What is expected ->
Records follow. Print exactly the lines from the one that has "Velvet Heart Green" through the one that has "Chanel Lambskin Camellia", inclusive, and omit the pictures.

Task data ->
§
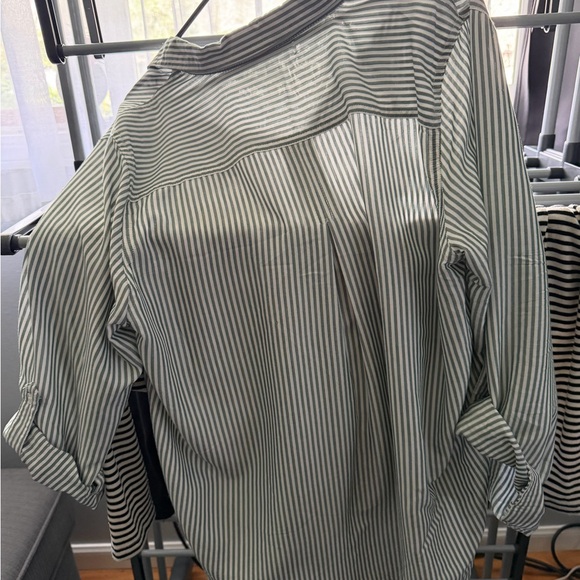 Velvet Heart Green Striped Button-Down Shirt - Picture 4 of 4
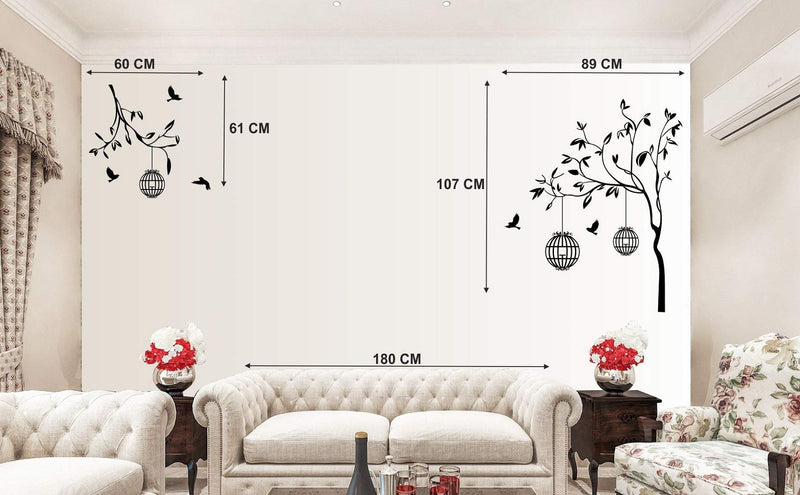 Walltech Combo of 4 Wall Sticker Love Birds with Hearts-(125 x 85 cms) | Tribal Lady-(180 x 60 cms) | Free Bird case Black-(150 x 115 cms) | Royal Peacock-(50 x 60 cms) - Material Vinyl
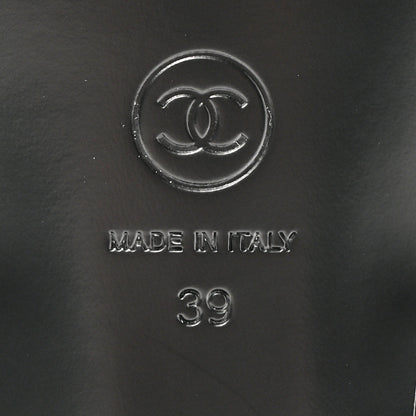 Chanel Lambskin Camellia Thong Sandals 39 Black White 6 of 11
§
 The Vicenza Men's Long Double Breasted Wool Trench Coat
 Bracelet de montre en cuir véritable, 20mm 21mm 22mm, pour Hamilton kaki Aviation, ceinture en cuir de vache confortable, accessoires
§
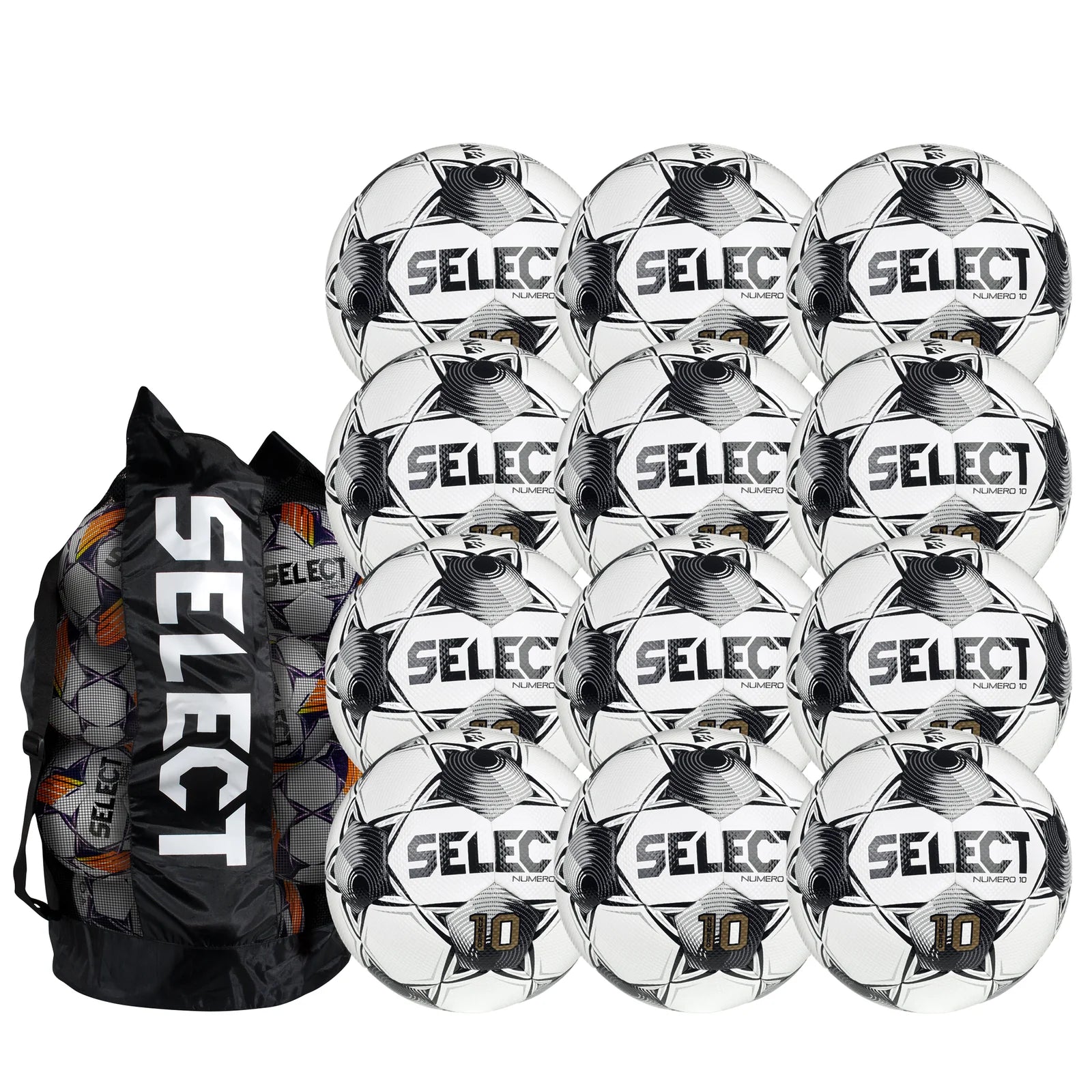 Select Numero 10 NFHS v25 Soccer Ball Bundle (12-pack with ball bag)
§
Written answer ->
 Velvet Heart Green Striped Button-Down Shirt - Picture 4 of 4
 Walltech Combo of 4 Wall Sticker Love Birds with Hearts-(125 x 85 cms) | Tribal Lady-(180 x 60 cms) | Free Bird case Black-(150 x 115 cms) | Royal Peacock-(50 x 60 cms) - Material Vinyl
 Chanel Lambskin Camellia Thong Sandals 39 Black White 6 of 11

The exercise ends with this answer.